Transcribe the stretch of entries below from the line with "Image of Unirock" through the line with "Girls Double Button", exactly and with both ends included; leave out all other lines.

#### GIVEN ENTRIES
+++
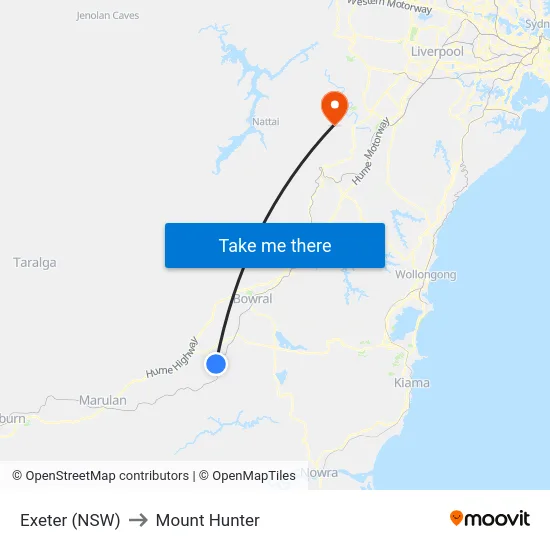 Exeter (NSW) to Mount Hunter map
+++
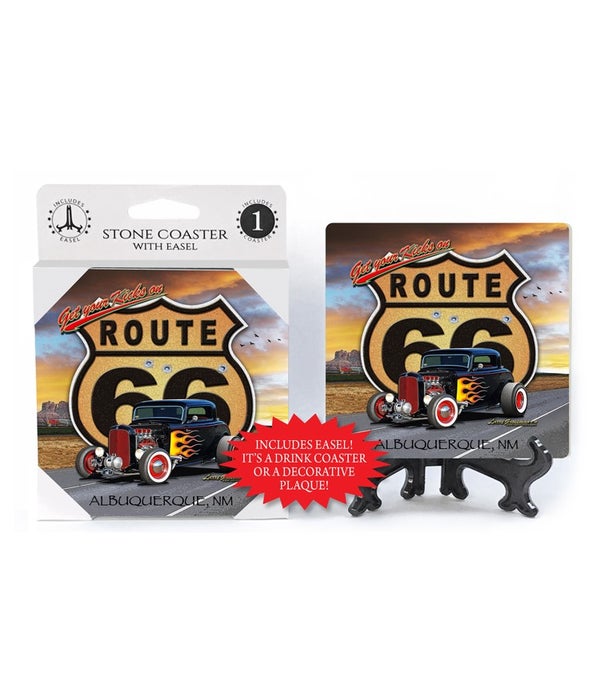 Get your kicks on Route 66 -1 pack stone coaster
+++
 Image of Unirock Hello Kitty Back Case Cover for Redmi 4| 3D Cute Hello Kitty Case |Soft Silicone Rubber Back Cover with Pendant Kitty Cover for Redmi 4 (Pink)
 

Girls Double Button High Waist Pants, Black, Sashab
+++
#### SOLUTION TO THE PROBLEM
 Image of Unirock Hello Kitty Back Case Cover for Redmi 4| 3D Cute Hello Kitty Case |Soft Silicone Rubber Back Cover with Pendant Kitty Cover for Redmi 4 (Pink)
 

Girls Double Button High Waist Pants, Black, Sashab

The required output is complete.